### What you are asked to do
Only the lines from the one containing "LZRS Outdoor Side" through the end of the listing are to be repeated, exactly and without pictures.

### Stored data
·····

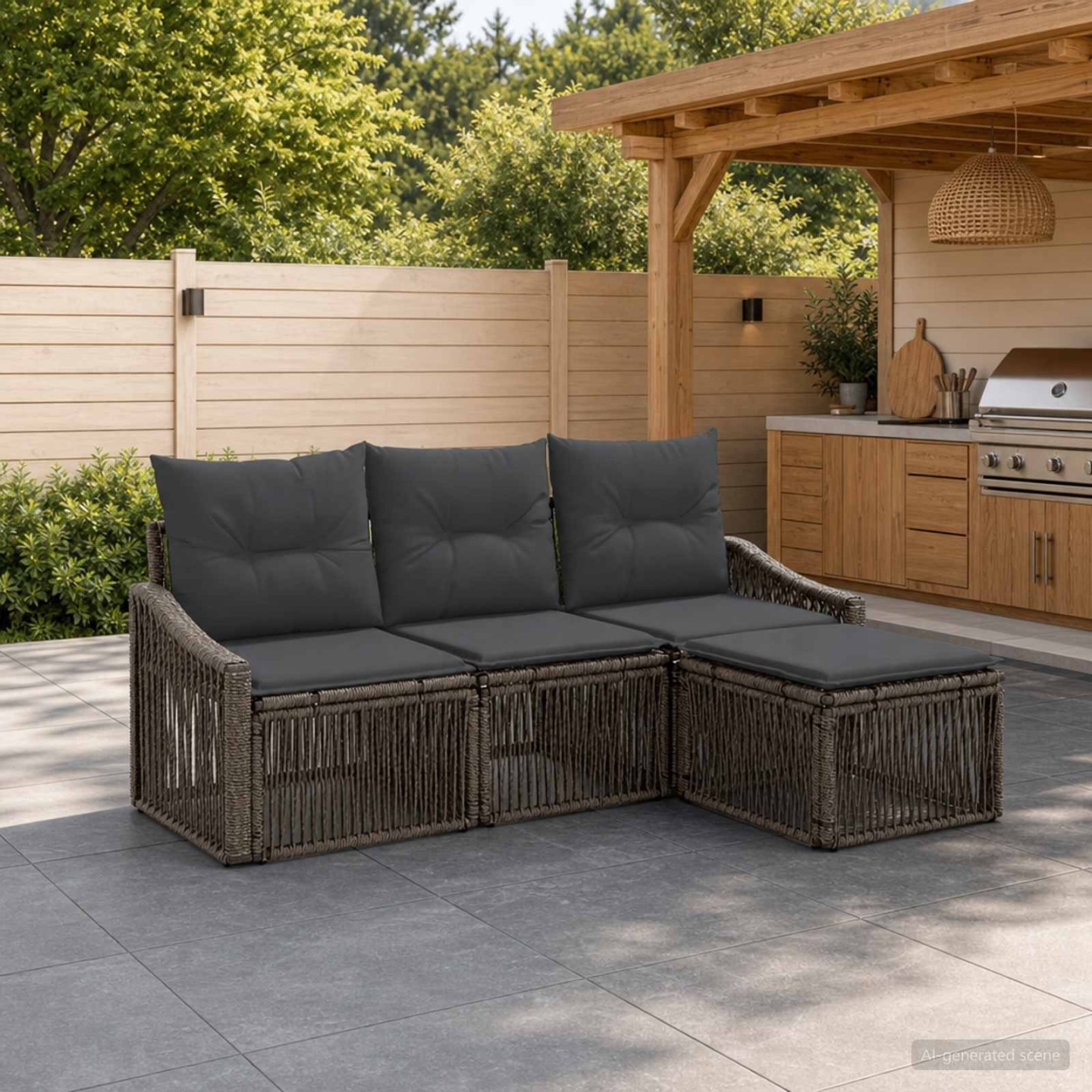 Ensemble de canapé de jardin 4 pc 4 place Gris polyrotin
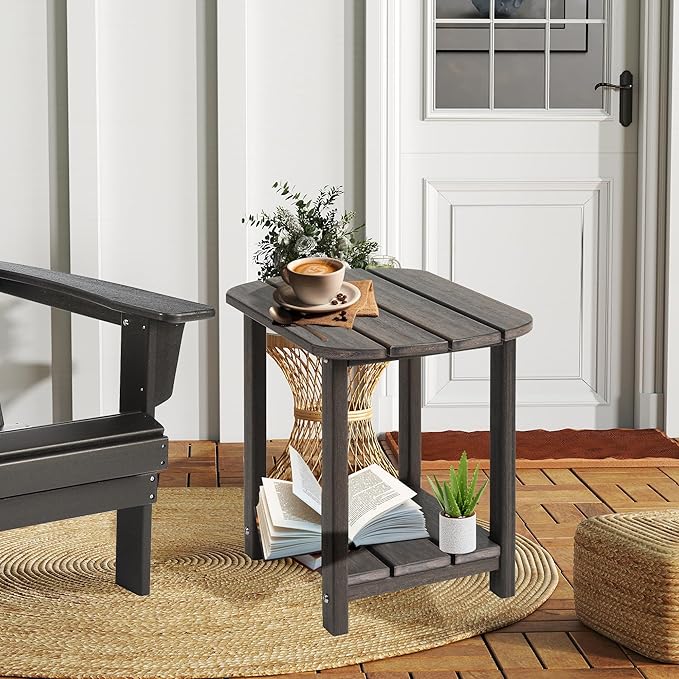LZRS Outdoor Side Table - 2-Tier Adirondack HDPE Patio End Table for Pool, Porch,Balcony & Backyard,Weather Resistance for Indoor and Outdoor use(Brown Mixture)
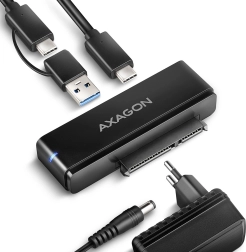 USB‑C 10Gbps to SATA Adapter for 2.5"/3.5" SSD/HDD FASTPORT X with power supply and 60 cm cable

·····

### Response to this task
LZRS Outdoor Side Table - 2-Tier Adirondack HDPE Patio End Table for Pool, Porch,Balcony & Backyard,Weather Resistance for Indoor and Outdoor use(Brown Mixture)
 USB‑C 10Gbps to SATA Adapter for 2.5"/3.5" SSD/HDD FASTPORT X with power supply and 60 cm cable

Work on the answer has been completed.